2022 Offensive Identity
This was a prediction I'd made once before with great results (a 75% swing in offensive identity!), but this time for one reason or another it just didn't hit (a mere 8% swing). I don't think it was a terrible prediction. I think we probably just got unlucky. I might even try it again in the future. But if I do, I'll do a bit more research first to see if this is really something that regresses as much as I thing it should, or if we just got lucky the first time we tried this.
The Hits
Here's the outcome of all of my "Yards per Carry" predictions over the years, with the average at the time of the prediction, the average in the four weeks after the prediction, and the total swing.
- Group A had a 60% lead, Group B had a 16% lead, +76% total swing
- Group A had a 25% lead, Group B had a 16% lead, +41% total swing
- Group A had a 24% lead, Group B had a 4% lead, +28% total swing
- Group A had a 9% lead, Group B had a 23% lead, +32% total swing
- Group A had a 20% lead, Group B had a 30% lead, +50% total swing
- Group A had a 22% lead, Group B had a 23% lead, +45% total swing
- Group A had a 3% lead, Group B had a 36% lead, +39% total swing
- Group A had a 10% lead, Group B had a 4% lead, +14% total swing
- Group A had a 24% lead, Group B had a 25% lead, +49% total swing
We can't directly compare the total swings since the sample sizes vary so much (a 30% swing over a large sample might be more impressive than a 50% swing over a small one), but this prediction has gone 9-0 for me over the years with a median swing from Group A to Group B of of 39%. The minimum swing was 14%, but that was mostly just bad luck with the selected sample; over the full season, the swing would have been 25%. I've made a lot of jokes about yards per carry over the years. I've called it "pseudoscience" and said it's "not a thing" or even "maximally not a thing". Some people find these statements provocative, but they're not intended to provoke. Yards per carry genuinely is almost entirely noise, especially over the kinds of samples we're dealing with inside a single season. Here are the receipts.
Here's the outcome of all of my "Yard to Touchdown Ratio" predictions over the years. (Where necessary, I've reworked some of the predictions to adhere to our traditional "Group A vs. Group B" format. This is a purely cosmetic change for comparison; the underlying data remains untouched.)

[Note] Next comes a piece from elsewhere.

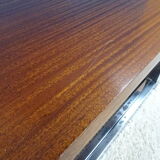 Extendable rise and fall table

- Group A had a 28% lead, Group B had a 1% lead, +29% total swing
- Group A had a 21% lead, Group B had an 8% lead, +29% total swing
- Group A had a 7% lead, Group B had a 20% lead, +27% total swing
- Group A had a 28% lead, Group B had a 23% lead, +51% total swing
- Group A had a 26% lead, Group B had a 4% lead, +30% total swing
- Group A had a 23% lead, Group B had a 47% lead, +70% total swing
- Group A had a 22% lead, Gorup B had a 23% lead, +45% total swing
- Group A had a 2% lead, Group B had a 40% lead, +42% total swing
- Group A had a 15% lead, Group B had an 11% lead, +26% total swing
- Group A had a 9% lead, Group B had a 13% lead, +22% total swing
- Group A had a 10% lead, Group B had a 19% lead, +29% total swing
- Group A had a 3% lead, Group A had a 12% lead, -9% total swing
I've said for years that yard-to-touchdown ratio is my favorite statistic precisely because it's such a reliable regression target, and no one else pays any attention to it. It's also the reason we're here today; this entire column was inspired by a pair of articles I wrote on this ratio back in 2015. Statistically-minded writers have known about the issues with yards per carry for decades, but when I started writing this column, virtually none of the discussion of players scoring "too many" or "too few" touchdowns linked that judgment to their yardage profile. But as you can see, that's exactly the link we should be making;
Our perfect record may have finally been brought low, but predictions that touchdowns will follow yards are still 11-1 with a median swing of 29%. 11 out of 12 predictions have produced a swing of at least 22%.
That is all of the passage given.